Paul Williams is a Research Fellow at the Department of Meteorology, University of Reading. He has won the Royal Astronomical Society Blackwell Prize (2004) and the Royal Meteorological Society Rupert Ford Award (2005), and has received a prestigious Crucible Fellowship from the National Endowment for Science, Technology and the Arts (2007). He was the lead author of a climate change report commissioned and published by the European Parliament (2004). He is a Fellow of the Royal Meteorological Society, the Institute of Physics, and the Royal Astronomical Society. His research findings have been reported widely in the media, including feature articles in New Scientist and the Financial Times, and a panel discussion on BBC Radio 4.
"With contributions from leading experts in climate physics, this book is invaluable to anyone working on climate models, including graduate students and researchers in the atmospheric and oceanic sciences, numerical weather forecasting, climate prediction, climate modelling and climate change."

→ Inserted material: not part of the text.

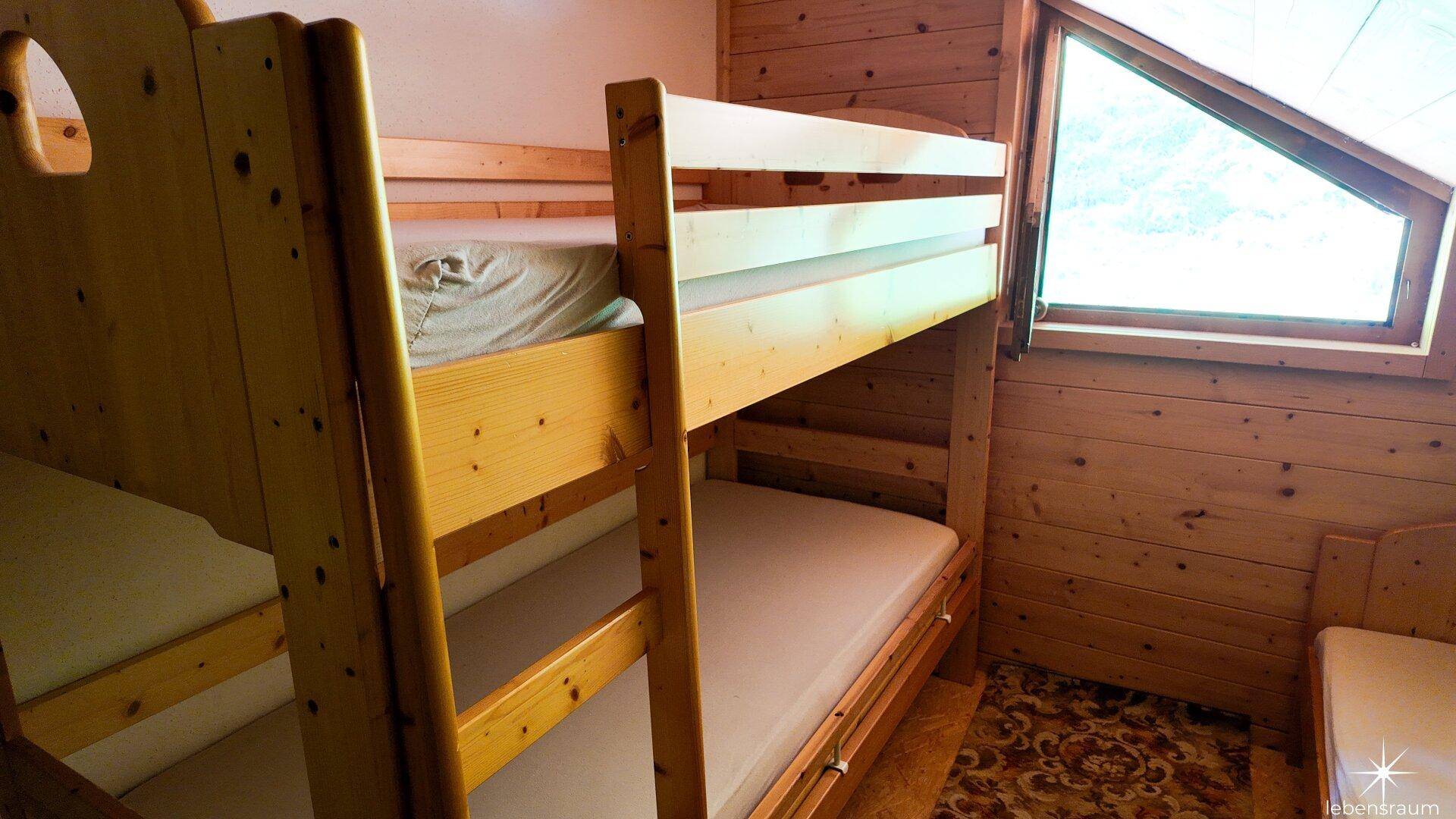 Detailansicht der Etagenbetten in einem rustikalen Schlafzimmer mit Holzvertäfelung und Dachfenster.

– The Eggs EGU Newsletter (the-eggs.org)
"[This] book does a very good job of reviewing the state of the art of stochastic physics in climate modeling, and can be wholeheartedly recommended to any researcher seriously interested in that line of research."
– Philip Sura, Bulletin of the American Meteorological Society
"Stochastic Physics and Climate Modelling is a timely thought-provoking book on one of the most challenging and paradoxical scientific issues: stochastic physics may well be the key to substantial progress being made in climate change modelling and prediction, and to resolve the large uncertainties that exist. It is therefore a must for anyone having a keen interest in climate modelling, especially graduate students and researchers involved in climate studies."